其实我不太喜欢社交,女生们总喜欢围成一团对其他人评头论足,聒噪得不行,男生话题总离不开女人和游戏。我还是安安静静一个人好,以后交女朋友也得交个温柔娴静的。

我起床洗了个澡,顺便把脏衣服也一并洗了。家里没女人,打扫做饭都得自己来。做完家务差不多也中午了,我自己煮了个面,一边吃一边看电视。

打开电视就是X市法制频道,正在播放两个月前的一宗锤头杀人案,我直接跳台。我妈很喜欢看这个节目,经常跟我说知人知面不知心。我跟她说,你看那些嫌疑犯多蠢,没几天就给逮着了,我就是遇上了,他们也害不了我。

吃完中饭,我打了个盹儿,差不多两点钟敲门声响起。

我一拉开门,穿着黑色套头衫的安阳就钻了进来。

这小子也不客气,坐在沙发上开始剥桔子,手上不停嘴里也不歇着:“可以啊,你这里比我那儿干净整洁多了,你没看我那房子……”
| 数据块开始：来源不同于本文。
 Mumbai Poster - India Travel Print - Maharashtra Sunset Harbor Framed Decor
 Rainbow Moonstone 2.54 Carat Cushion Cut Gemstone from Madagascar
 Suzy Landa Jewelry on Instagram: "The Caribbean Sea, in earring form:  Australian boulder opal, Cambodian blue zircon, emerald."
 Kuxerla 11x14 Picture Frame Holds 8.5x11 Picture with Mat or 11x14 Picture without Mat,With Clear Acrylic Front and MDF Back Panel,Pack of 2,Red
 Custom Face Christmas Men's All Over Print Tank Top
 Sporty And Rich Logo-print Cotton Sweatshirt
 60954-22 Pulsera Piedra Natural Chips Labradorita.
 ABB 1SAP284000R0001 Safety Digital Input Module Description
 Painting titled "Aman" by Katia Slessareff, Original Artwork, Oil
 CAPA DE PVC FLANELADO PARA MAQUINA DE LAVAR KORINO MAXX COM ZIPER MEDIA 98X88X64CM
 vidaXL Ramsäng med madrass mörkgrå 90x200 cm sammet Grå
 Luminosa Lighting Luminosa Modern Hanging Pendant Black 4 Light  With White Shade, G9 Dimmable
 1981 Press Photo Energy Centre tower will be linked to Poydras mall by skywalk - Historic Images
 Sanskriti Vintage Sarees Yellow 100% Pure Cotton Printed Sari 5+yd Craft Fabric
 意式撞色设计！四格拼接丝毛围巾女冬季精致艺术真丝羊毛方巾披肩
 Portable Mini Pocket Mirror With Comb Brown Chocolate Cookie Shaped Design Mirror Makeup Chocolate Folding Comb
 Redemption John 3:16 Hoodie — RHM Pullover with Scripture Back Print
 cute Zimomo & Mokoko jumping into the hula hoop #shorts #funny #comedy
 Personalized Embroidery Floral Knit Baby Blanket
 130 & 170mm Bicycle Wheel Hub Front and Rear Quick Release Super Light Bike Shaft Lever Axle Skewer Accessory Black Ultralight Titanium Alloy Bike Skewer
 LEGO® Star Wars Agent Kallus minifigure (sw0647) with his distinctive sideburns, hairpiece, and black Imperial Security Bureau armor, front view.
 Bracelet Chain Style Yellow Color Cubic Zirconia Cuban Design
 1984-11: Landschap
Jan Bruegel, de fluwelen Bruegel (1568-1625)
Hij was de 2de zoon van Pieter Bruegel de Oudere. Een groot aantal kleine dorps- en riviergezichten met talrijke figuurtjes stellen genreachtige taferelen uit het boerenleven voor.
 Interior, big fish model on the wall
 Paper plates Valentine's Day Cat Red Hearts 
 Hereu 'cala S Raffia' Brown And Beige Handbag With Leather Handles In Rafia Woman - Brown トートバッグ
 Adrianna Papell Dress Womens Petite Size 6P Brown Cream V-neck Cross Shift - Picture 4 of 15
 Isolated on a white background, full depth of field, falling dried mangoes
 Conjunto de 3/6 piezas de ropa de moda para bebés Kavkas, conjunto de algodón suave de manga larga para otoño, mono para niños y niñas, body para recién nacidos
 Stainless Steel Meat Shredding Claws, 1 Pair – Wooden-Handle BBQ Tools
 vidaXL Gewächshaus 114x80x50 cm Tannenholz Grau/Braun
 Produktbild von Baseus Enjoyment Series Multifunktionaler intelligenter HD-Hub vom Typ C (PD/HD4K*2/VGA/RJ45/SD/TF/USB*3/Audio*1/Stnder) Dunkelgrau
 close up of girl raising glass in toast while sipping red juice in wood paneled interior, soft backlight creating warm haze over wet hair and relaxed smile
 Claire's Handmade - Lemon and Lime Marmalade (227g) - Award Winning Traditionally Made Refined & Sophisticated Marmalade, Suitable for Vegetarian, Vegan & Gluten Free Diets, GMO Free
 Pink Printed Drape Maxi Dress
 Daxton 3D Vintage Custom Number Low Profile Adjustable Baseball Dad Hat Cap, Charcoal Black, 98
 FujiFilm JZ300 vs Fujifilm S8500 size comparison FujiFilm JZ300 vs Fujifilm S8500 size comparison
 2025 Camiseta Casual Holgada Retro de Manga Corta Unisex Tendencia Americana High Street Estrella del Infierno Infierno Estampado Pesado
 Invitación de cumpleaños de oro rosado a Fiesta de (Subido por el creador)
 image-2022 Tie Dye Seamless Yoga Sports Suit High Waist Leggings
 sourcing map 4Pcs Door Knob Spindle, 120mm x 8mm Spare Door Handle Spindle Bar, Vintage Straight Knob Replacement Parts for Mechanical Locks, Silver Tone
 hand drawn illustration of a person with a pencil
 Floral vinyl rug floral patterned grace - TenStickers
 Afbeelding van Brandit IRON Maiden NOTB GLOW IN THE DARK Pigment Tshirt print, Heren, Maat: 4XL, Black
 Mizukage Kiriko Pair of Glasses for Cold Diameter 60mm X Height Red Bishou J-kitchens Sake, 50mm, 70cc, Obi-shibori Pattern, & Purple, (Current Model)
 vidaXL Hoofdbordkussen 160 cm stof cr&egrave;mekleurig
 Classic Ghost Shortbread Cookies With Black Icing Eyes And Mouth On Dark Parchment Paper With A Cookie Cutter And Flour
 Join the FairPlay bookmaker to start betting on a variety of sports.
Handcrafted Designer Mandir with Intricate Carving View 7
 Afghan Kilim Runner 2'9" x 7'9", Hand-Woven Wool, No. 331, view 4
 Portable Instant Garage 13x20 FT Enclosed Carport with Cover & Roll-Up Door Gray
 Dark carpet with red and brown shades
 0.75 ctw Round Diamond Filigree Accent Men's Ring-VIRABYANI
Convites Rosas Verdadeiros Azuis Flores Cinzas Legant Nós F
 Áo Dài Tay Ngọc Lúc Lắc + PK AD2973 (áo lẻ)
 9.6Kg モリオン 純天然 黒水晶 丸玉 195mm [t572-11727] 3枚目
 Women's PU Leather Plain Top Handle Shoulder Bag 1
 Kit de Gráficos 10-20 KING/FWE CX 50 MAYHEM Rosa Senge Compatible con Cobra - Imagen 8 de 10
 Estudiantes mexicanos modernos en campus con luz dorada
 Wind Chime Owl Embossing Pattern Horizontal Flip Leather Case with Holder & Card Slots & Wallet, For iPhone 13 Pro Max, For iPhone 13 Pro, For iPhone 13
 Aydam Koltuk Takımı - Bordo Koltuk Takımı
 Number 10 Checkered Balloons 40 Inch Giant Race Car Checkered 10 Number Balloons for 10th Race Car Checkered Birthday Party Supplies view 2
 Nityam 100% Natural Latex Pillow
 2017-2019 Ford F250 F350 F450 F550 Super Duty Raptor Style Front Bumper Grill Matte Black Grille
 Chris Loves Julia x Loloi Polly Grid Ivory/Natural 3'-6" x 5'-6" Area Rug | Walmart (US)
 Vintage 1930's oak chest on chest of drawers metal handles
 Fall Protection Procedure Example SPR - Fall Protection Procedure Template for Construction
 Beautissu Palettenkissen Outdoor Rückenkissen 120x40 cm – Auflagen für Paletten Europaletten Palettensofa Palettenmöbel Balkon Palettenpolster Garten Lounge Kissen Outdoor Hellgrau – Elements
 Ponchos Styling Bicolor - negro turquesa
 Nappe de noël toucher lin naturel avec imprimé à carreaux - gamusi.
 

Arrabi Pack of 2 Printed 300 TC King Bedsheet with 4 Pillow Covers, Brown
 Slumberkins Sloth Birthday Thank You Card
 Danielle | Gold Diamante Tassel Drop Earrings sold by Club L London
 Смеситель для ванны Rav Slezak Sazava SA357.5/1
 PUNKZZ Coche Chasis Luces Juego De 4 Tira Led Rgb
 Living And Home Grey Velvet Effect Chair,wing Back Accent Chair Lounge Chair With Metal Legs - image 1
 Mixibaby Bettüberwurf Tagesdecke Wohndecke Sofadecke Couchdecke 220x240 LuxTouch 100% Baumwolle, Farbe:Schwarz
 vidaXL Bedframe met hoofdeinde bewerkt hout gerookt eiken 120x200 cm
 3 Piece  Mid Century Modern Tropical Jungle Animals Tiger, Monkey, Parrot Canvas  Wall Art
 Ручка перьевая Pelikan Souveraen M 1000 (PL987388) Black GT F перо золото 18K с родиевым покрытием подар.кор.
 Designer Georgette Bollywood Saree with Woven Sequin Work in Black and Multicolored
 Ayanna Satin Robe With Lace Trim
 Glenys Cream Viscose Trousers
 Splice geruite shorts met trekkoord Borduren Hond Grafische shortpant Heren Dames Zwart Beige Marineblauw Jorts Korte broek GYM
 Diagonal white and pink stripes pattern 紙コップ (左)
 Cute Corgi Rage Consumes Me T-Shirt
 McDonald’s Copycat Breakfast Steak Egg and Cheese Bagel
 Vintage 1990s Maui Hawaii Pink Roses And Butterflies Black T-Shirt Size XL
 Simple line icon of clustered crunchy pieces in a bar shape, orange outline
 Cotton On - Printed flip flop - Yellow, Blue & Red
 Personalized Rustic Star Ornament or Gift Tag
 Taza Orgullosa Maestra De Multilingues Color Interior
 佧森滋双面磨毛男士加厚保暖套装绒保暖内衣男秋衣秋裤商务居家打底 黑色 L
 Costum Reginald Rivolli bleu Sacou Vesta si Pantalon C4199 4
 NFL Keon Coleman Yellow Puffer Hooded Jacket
我对他的私生活没什么兴趣,于是点了根烟抽着,时不时配合着笑一下。

桌子上六个桔子被安阳一扫而过,他拍了拍肚皮,终于说:“来来,跟你谈正事了。”

我掐灭了烟,显得稍微认真一些。

“我们公司最近在开发一款虚拟现实的游戏,用了黑科技,具体的就不跟你说了,说了你也不懂,我就跟你说怎么玩吧。”

我笑了下,踩了踩掉在地上的烟灰。

“我们会挑选你经常出没的一条街道,某个时间段这条街道上会出现几个你熟悉的人,但其中一个是虚拟人,你只需要找出这个虚拟人就赢了,三万元大奖立马抱回家。”

“那些熟人知情吗?不会都配合游戏吧?那太好找了。”

“当然没这么容易,我们团队会对你周边的人进行一段时间的观察,了解他们的行动轨迹,找到其中几个人会产生交集的时间和地点,那么这个时间和地点就形成了我们的测试现场,你的熟人不会知道这是个游戏。”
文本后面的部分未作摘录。